## What you need to do
The reply is to contain the full listing, repeated exactly, with pictures left out.

= = = =

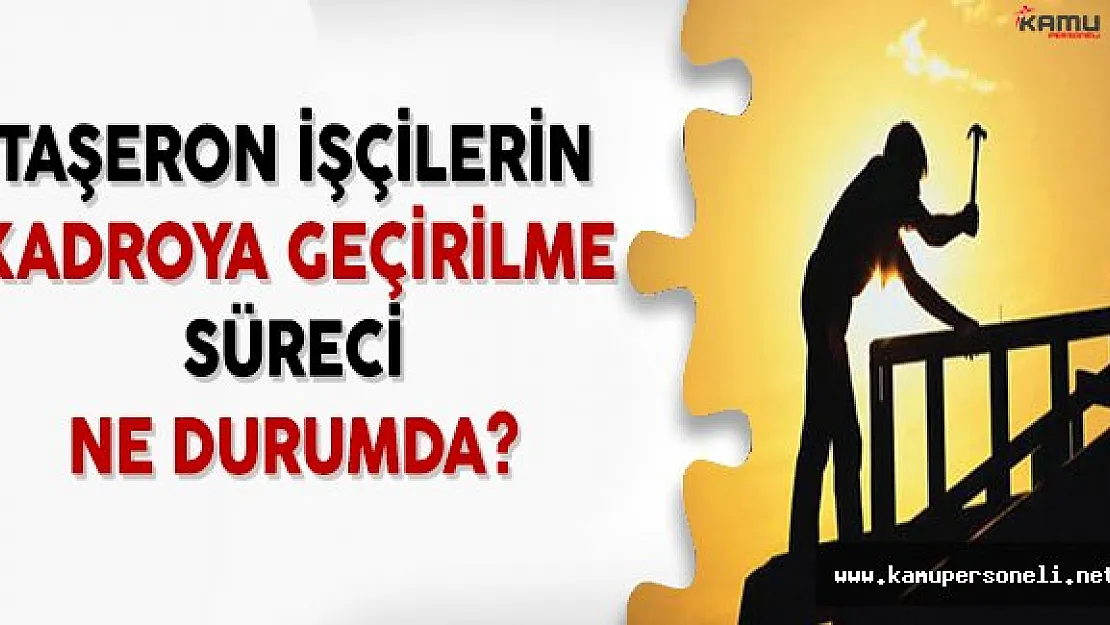 Taşerona Kadro Çalışmaları Ne Durumda? Taşeron İşçilere 2017 Yılında Kadro Verilecek Mi?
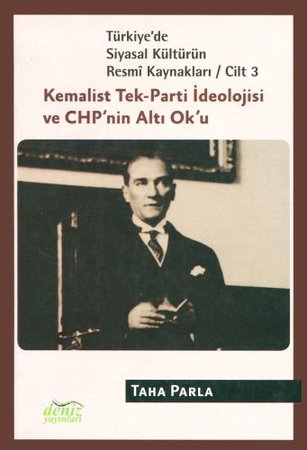 Türkiye'de Siyasal Kültürün Resmi Kaynakları Cilt: 3 - Kemalist Tek-Parti İdeolojisi ve CHP'nin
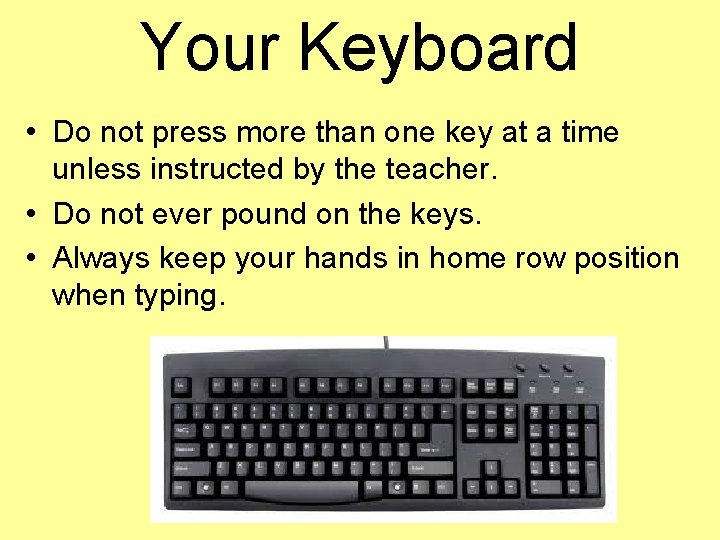 Your Keyboard • Do not press more than one key at a time unless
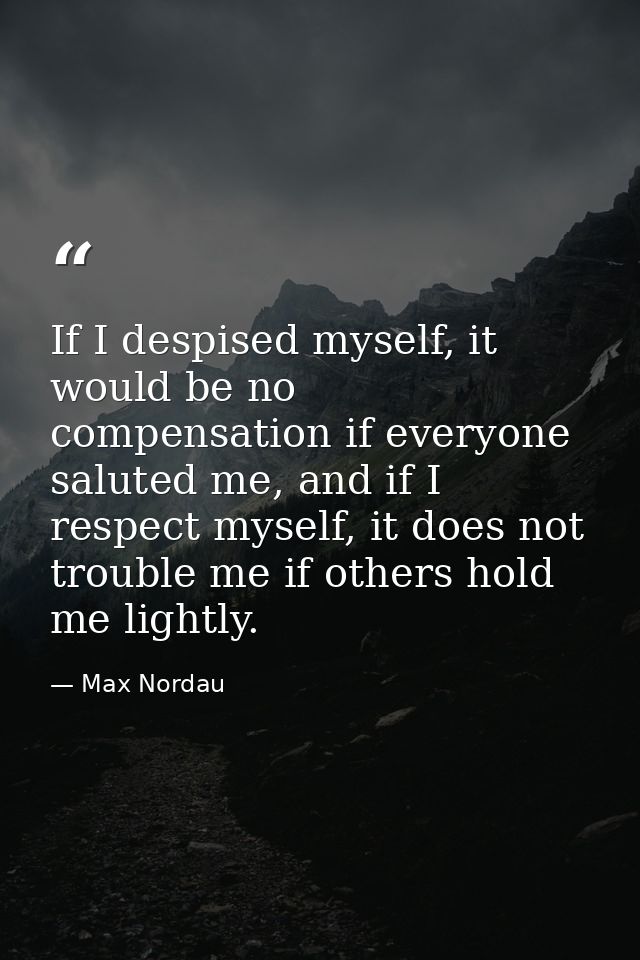 If I despised myself, it would be no compensation if everyone saluted me, and if I respect myself, it does not trouble m — Max Nordau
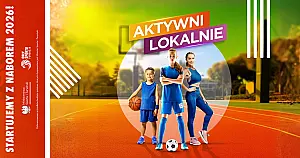 Aktywni Lokalnie 2026 - szansa na sportowe inicjatywy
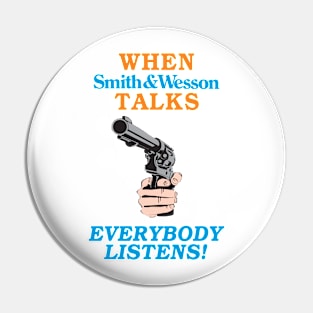 When Smith and Wesson Talks, EVERYBODY LISTENS! Pin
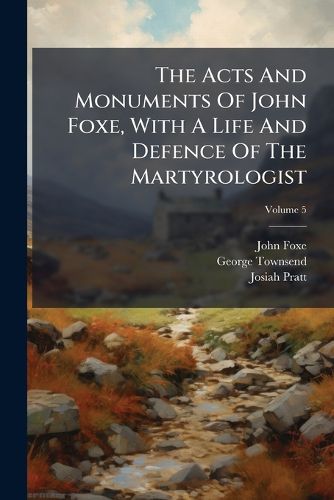 Cover image for The Acts and Monuments of John Foxe, with a Life and Defence of the Martyrologist, Volume 5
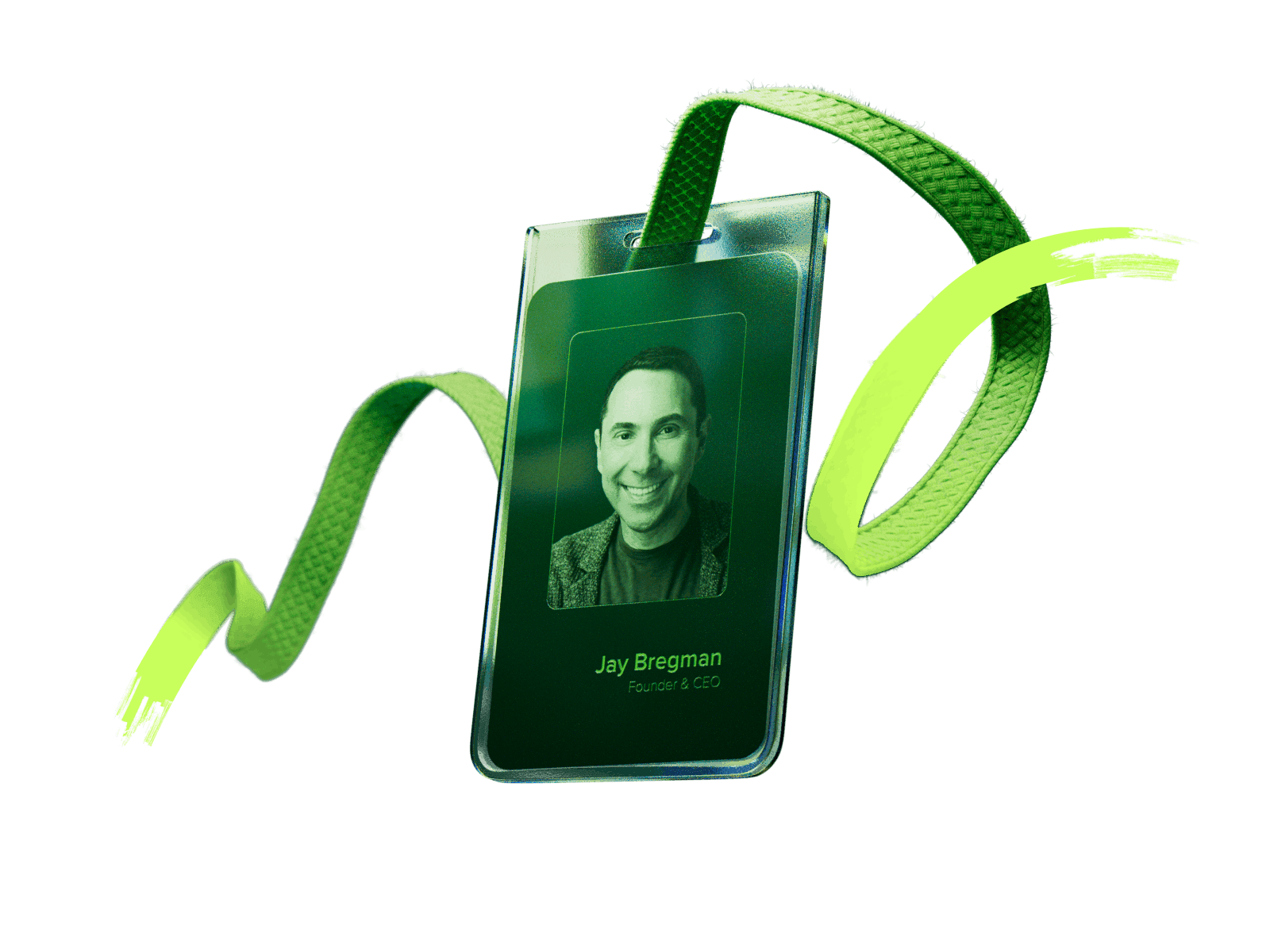 Green employee ID badge with a woven green lanyard, featuring a black-and-white headshot of a smiling man and the text “Jay Bregman, Founder & CEO” on a light background.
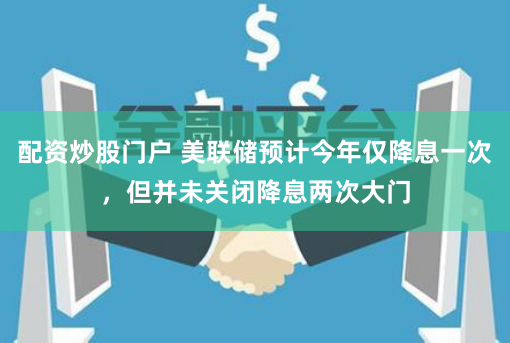 配资炒股门户 美联储预计今年仅降息一次，但并未关闭降息两次大门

= = = =

## Task result
 Taşerona Kadro Çalışmaları Ne Durumda? Taşeron İşçilere 2017 Yılında Kadro Verilecek Mi?
 Türkiye'de Siyasal Kültürün Resmi Kaynakları Cilt: 3 - Kemalist Tek-Parti İdeolojisi ve CHP'nin
 Your Keyboard • Do not press more than one key at a time unless
 If I despised myself, it would be no compensation if everyone saluted me, and if I respect myself, it does not trouble m — Max Nordau
 Aktywni Lokalnie 2026 - szansa na sportowe inicjatywy
 When Smith and Wesson Talks, EVERYBODY LISTENS! Pin
 Cover image for The Acts and Monuments of John Foxe, with a Life and Defence of the Martyrologist, Volume 5
 Green employee ID badge with a woven green lanyard, featuring a black-and-white headshot of a smiling man and the text “Jay Bregman, Founder & CEO” on a light background.
 配资炒股门户 美联储预计今年仅降息一次，但并未关闭降息两次大门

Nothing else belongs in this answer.